Report, 2nd draft

Authors
Affiliation

Description

As its name might suggest, a statistical analysis plan (SAP) provides a detailed outline of the planned statistical analyses for a study. In the third phase of the SDS 210 project, you will return to and expand on your initial project proposal to create a statistical analysis plan. You will refine your study population, aims, primary response variables, and explanatory variables based on your data wrangling and exploratory data analysis experience. You will also outline which inferential statistical procedures you will use to formally investigate your primary and secondary hypotheses.

Format

Your final statistical analysis plan should be submitted as a PDF file, rendered from a Quarto file (*.qmd).

Content

Edit your previous draft so that it contains the following elements in the appropriate sections:

In the beginning of the Introduction

Write one paragraph providing an introduction to your study. You should aim to answer the following questions as part of your response:

  • What is the purpose of your study? In other words, what phenomenon or trend are you planning to investigate?
  • What is the importance or relevance of this topic?

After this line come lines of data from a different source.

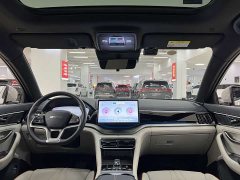BYD Song Plus New Energy Champion Edition DM-i 110KM Flagship Plus - ფოტო 3
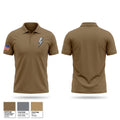 SBT20 N6 Short Sleeve Performance Polo - 1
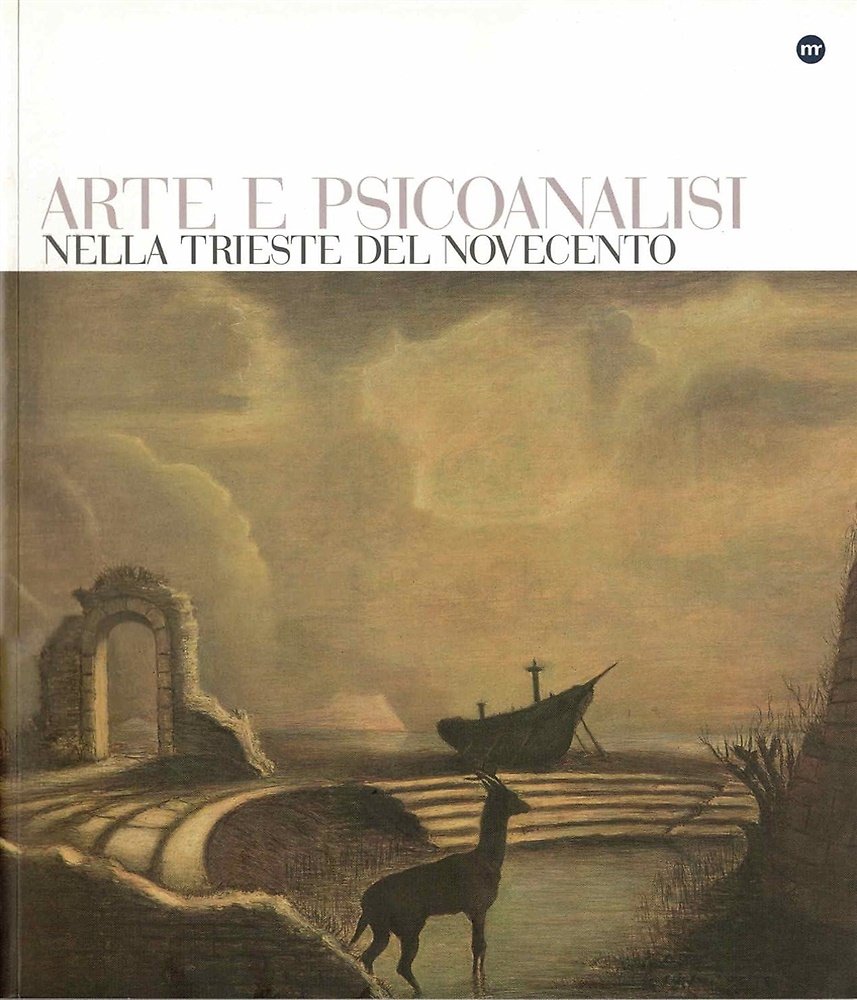 Arte e psicoanalisi nella Trieste del Novecento. | Immagine principale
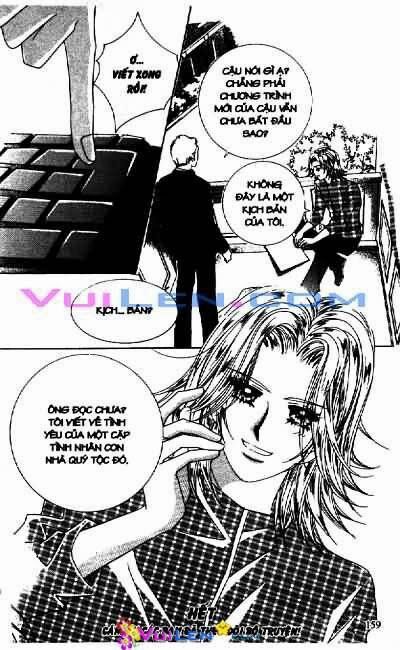 Tình yêu quý tộc: Chapter 45
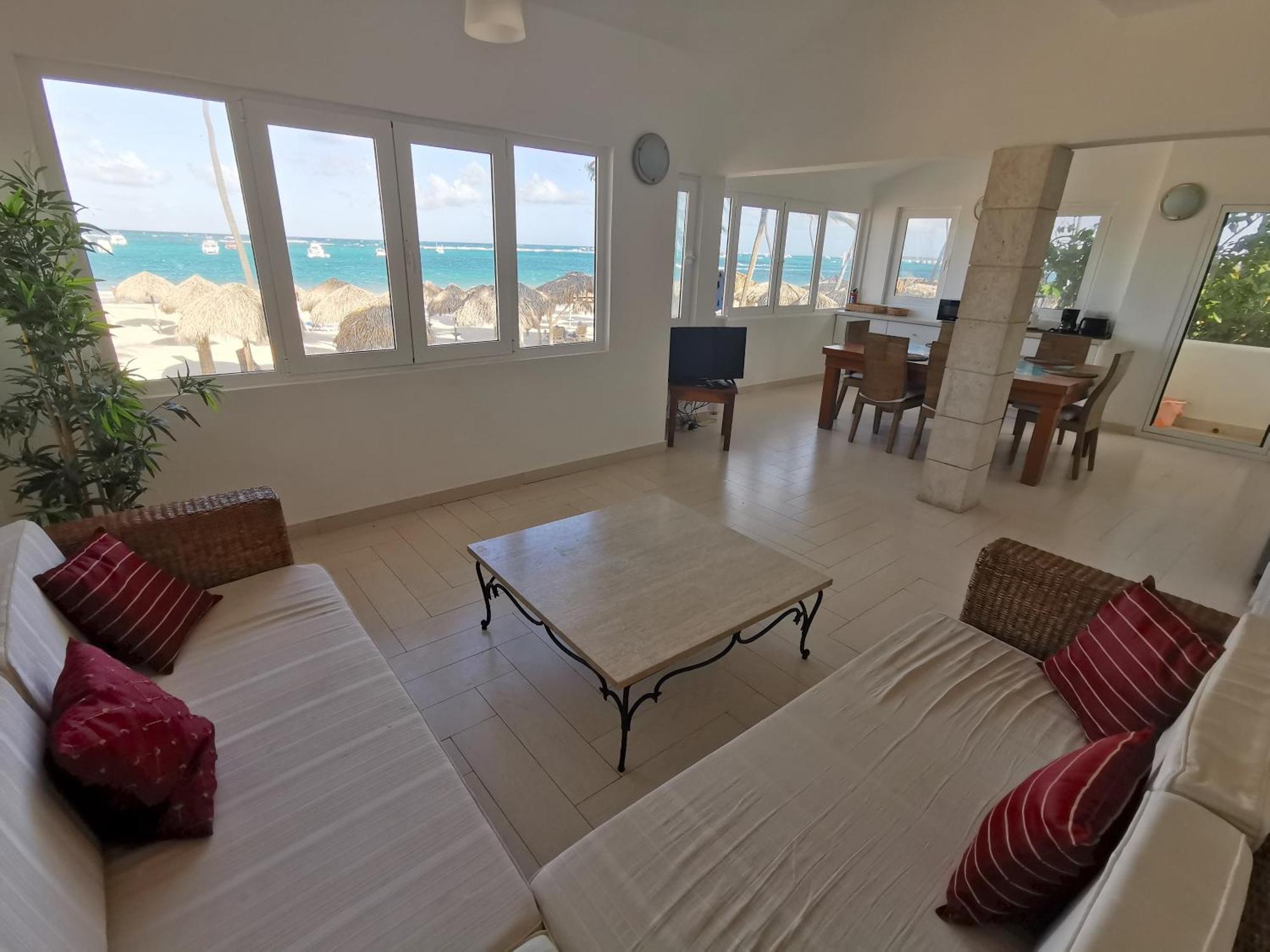 Hotel Tropical At Corales - Caribbean Fzco 5*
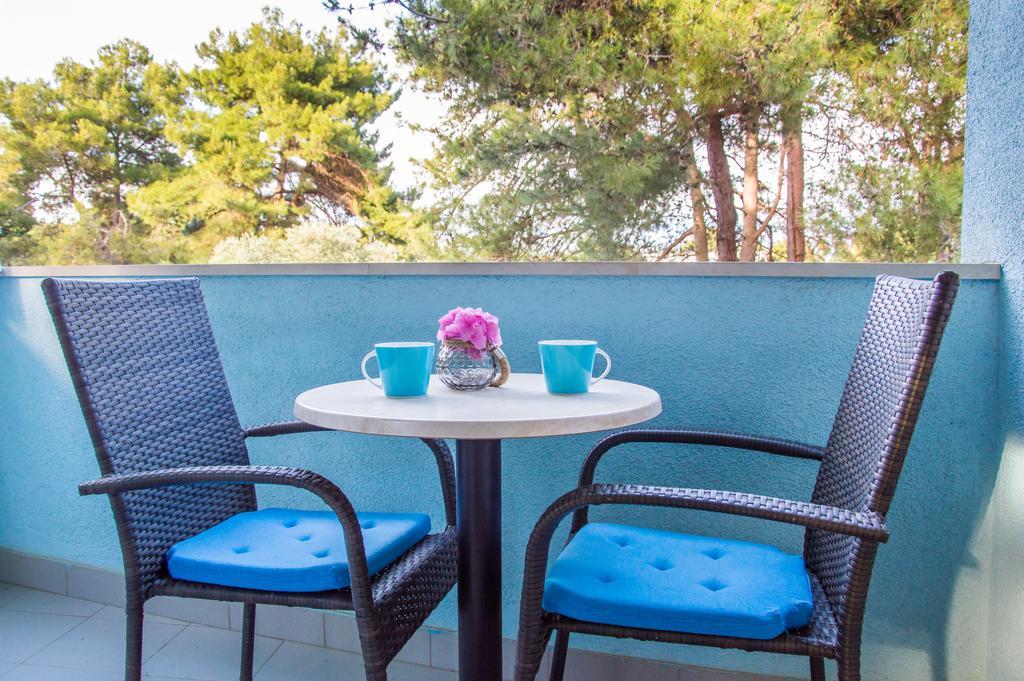 Apartments Punta By Sea Umag Extérieur photo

In the middle of the Introduction

Study Objectives and Endpoints

Identify and describe the primary objectives of your study, as well as the relevant outcome(s) or response variable(s), that you will use to address these objectives. You should describe these variables in sufficient detail that someone unfamiliar with your project and dataset could understand:

  • what response variable(s) you plan to study, and
  • how those variables are measured/defined.

Study Population

Provide an updated short description of the population that you intend to include in your study, as well as the larger population/phenomenon to which you will generalize your results. Please be sure to address the following in your response:

  • What are the observational units for this population?
  • What exclusion criteria do you intend to implement? In other words, do you intend to remove observations from the dataset that have missing data? Have you chosen to restrict your focus to only a subset of your original sample? If so, please describe that process.
  • What limitations, biases, or threats to generalizability do you anticipate to be present in your study?

In the Data section

Study Variables

Provide an updated list of the explanatory variables that you will include in your analysis. You should describe these variables in sufficient detail that someone unfamiliar with your project and dataset could understand:

  • what explanatory variables you plan to study, and
  • how those variables are measured/defined.

It is not sufficient to simply list the column names of the relevant variables in your dataset. If you have derived any new variables—for example, by collapsing the levels of an existing categorical variable, by merging in a new dataset, or by transforming existing variables by, e.g., changing the units of measurement—please also describe how you constructed these new predictors.

In the Methods section

Analysis Plan

Based in part on the results of your exploratory data analysis, propose an appropriate set of statistical analyses to address your research question(s). You must also expand the simple linear regression model from your exploratory data analysis to include at least one additional predictor.

Primary Analysis

Given what you previously identified as the primary objectives of your study, highlight one primary statistical analysis that you will conduct. For this primary analysis:

  • State the null and alternative hypotheses, both in words and using mathematical/statistical notation.
  • Describe briefly what statistical method(s) you plan to use to analyze these data.
    • Do you plan to fit a linear regression model? If so, please write out the population regression model you intend to fit.
    • Do you plan to use computational procedures to construct a confidence interval or conduct a hypothesis test? If so, what statistic will you be bootstrapping/randomizing, and how many resamples/randomizations do you intend to conduct?
    • Do you plan to use a probabilistic model instead? If so, what reference distribution will you use (e.g., Normal, \(\chi^2\), \(t\))? Make sure that the technical conditions for your chosen approach are met in your data.

Secondary Analyses

All other statistical analyses should be considered secondary or exploratory and listed separately from your primary analysis. For each of these secondary/exploratory analyses, please once again:

  • State the null and alternative hypotheses, both in words and using mathematical/statistical notation.
  • Describe briefly what statistical method(s) you plan to use to analyze these data, answering the same questions as in Section 5.A above.

In the Discussion section

Limitations

Missing Data

Describe briefly (in one or two sentences) what approach you will take to address missing data in your sample. Discuss any potential limitations of this approach. If you did not have any missing data in your original dataset, you may leave this section blank.

Statistical Significance and Multiple Testing

What confidence level/significance level will you use for your analyses? Do you have any concerns about multiple testing? If so, please articulate your concerns.

Submission

Please have one member of your group turn in a PDF to Moodle by the due date.